If it an agency priority, why did the work get cut in the President's
budget. Mr. Rey replied that hazardous fuels treatment continues to
be a priority activity for the agency and the FY09 request represents
the second highest funding level in history. He reminded the subcommittee
that fuels treatment, and other vegetation management accounts, contribute
to accomplish fuels treatment goals.
- Mr. Tiarht asked about the benefits of merging the
fire operations of the Forest Service and DOI bureaus into one Fire
Service. Mr. Rey and Mr. Cason both stated that such a merger would
produce no material positive effect - no significant cost savings or
increase in efficiency. Because the two Departments operate under a
unified command and perform in an integrated way, the Departments are
already working together in ways that produce good coordination and
efficiency.
- Mr. Tiahrt asked about options to fund wildland fire.
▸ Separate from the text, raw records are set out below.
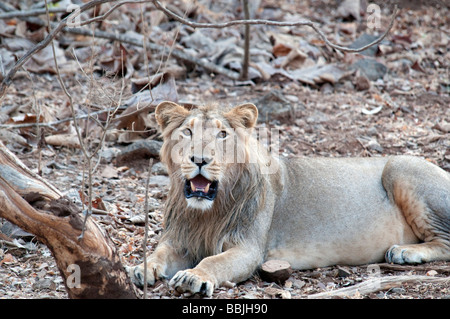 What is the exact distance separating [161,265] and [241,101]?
4461 mm

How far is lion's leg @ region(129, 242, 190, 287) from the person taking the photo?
4.45 meters

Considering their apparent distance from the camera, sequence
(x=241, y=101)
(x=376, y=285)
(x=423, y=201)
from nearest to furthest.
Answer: (x=376, y=285) → (x=423, y=201) → (x=241, y=101)

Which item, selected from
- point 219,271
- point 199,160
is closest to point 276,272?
point 219,271

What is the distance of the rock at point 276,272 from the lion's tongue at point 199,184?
765 millimetres

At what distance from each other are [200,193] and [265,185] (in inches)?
27.8

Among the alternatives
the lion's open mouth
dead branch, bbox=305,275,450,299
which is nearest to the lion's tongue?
the lion's open mouth

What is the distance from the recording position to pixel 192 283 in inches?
166

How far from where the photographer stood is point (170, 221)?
505 centimetres

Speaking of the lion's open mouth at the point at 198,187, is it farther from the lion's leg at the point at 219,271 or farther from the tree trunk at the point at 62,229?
the tree trunk at the point at 62,229

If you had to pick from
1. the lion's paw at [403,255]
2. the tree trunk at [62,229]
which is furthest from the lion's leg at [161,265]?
the lion's paw at [403,255]

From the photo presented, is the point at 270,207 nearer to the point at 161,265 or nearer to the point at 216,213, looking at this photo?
the point at 216,213

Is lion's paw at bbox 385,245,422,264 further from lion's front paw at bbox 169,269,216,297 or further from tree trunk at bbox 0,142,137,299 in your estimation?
tree trunk at bbox 0,142,137,299

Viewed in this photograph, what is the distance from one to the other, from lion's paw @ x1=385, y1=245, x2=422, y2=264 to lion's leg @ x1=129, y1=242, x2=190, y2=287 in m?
1.69

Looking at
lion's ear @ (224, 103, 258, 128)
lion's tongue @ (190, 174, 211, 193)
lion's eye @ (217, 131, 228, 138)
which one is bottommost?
lion's tongue @ (190, 174, 211, 193) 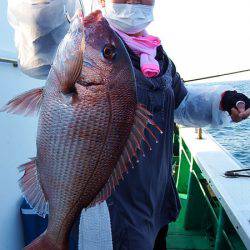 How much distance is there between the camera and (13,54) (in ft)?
9.27

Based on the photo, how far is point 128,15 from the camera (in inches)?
77.9

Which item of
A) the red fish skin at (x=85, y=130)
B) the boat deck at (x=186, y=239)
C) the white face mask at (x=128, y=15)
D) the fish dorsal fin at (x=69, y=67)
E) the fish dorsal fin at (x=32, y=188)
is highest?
the white face mask at (x=128, y=15)

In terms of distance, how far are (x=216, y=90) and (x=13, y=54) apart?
Result: 60.1 inches

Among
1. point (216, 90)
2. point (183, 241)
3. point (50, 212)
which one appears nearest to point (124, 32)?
point (216, 90)

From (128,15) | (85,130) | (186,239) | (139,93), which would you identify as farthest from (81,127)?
(186,239)

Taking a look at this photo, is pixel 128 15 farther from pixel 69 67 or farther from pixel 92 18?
pixel 69 67

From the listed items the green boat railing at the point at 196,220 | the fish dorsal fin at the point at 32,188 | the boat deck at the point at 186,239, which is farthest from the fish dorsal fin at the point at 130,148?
the boat deck at the point at 186,239

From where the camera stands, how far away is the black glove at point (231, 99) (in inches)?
76.7

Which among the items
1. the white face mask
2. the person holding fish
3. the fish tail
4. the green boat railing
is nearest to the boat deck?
the green boat railing

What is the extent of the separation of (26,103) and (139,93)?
0.69m

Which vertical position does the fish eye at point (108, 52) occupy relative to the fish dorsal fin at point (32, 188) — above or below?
above

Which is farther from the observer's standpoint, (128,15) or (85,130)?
(128,15)

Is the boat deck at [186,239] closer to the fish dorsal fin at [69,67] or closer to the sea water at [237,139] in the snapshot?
the fish dorsal fin at [69,67]

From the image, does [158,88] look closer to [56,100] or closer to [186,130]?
[56,100] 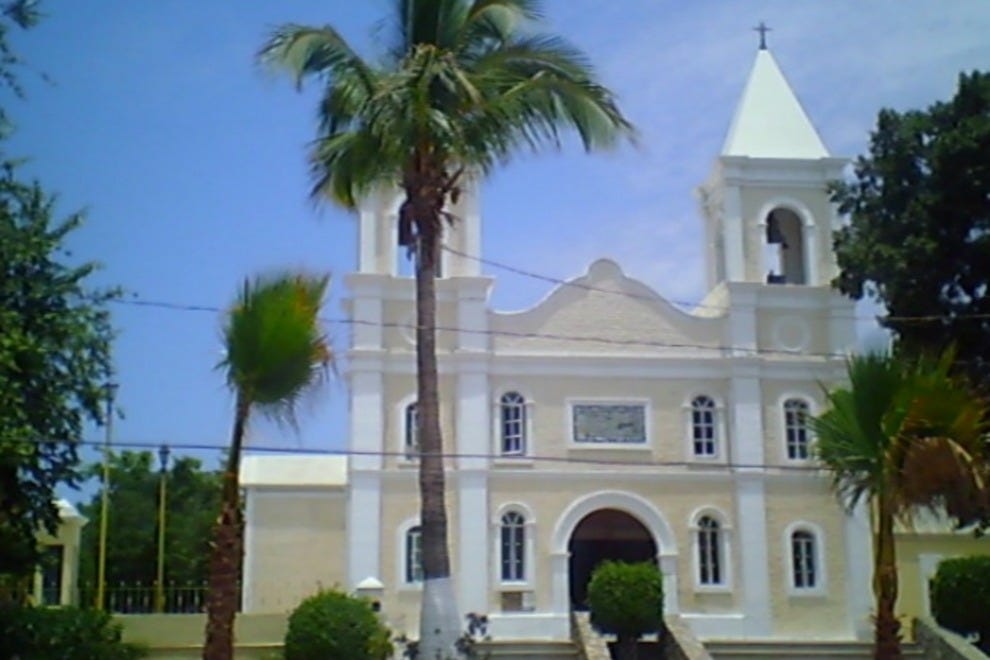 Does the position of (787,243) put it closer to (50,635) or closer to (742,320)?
(742,320)

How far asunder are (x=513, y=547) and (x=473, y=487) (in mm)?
1555

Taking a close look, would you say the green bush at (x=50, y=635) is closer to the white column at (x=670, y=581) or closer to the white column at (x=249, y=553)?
the white column at (x=249, y=553)

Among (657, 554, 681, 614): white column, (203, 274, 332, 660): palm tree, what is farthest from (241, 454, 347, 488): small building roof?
(203, 274, 332, 660): palm tree

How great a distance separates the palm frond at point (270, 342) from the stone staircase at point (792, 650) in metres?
13.3

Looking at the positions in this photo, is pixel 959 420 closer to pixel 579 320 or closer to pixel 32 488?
pixel 32 488

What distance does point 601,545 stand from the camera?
33.2m

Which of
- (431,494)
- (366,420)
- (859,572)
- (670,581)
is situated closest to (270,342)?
(431,494)

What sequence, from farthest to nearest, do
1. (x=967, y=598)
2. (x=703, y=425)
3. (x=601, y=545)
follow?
(x=601, y=545), (x=703, y=425), (x=967, y=598)

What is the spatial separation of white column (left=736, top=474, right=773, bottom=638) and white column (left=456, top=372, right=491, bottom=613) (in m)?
5.52

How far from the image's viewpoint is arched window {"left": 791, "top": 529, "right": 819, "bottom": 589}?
3131 centimetres

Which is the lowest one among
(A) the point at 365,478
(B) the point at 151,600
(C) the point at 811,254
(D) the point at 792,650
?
(D) the point at 792,650

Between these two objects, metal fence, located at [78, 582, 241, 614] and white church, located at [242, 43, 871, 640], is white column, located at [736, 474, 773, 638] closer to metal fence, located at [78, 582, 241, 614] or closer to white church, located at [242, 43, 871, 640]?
white church, located at [242, 43, 871, 640]

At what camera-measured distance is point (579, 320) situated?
31.8m

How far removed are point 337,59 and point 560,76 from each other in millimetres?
3073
He stated that perhaps an approach that maintained training, personnel
and equipment with the land management agencies and that FEMA paid the
costs of suppression as natural emergencies was plausible. Mr. Rey said
that a proposal to consider a government-wide fund had been developed
in 2002.
- Mr. Lewis asked about military aircraft availability
for the southern California fire season. Mr. Rey replied that 6 Modular
Airborne Fire Fighting Systems (MAFFS) would be available for the H-model
C130s and that the units being developed for the J-model C130s would
likely be ready for the fall southern California fire season.
- Mr. Lewis asked about the disparity in pay rates
for wildland fire fighters in southern California. Mr. Lewis stated
that it appears to be a problem for retention for federal agencies.
Mr. Rey responded that we are not having a problem with recruitment.
Fire fighters want to work for the Forest Service. He said that retention
problems are a reality in southern California we are looking at options
to address it. We are working on this now. Mr. Rey said that part of
the analysis is to assess how big of a problem this is. He said that
we hate to lose people, but we will continue to work in a unified command
shoulder to shoulder with state fire fighters. One benefit is that we
are helping to produce highly trained and capable fire fighters for
the state. The bottom line is that good people will be out to get the
job done. We are finding that this is a complicated issue which reaches
beyond pay alone to other areas of compensation, such as retirement
benefits, overtime and hazard pay. We are working on this, but do not
have a decision at this time.
- Mr. Calvert asked about delays in aviation assistance
in the 2007 fall fire in southern California. Mr. Rey said that there
was a 36-hour delay and that the after action review indicated that
the issue related to the "spotters" resulted from no formal
agreement signed between CalFire and the Marines. It resulted in orders
going up to NIFC and then back to the field.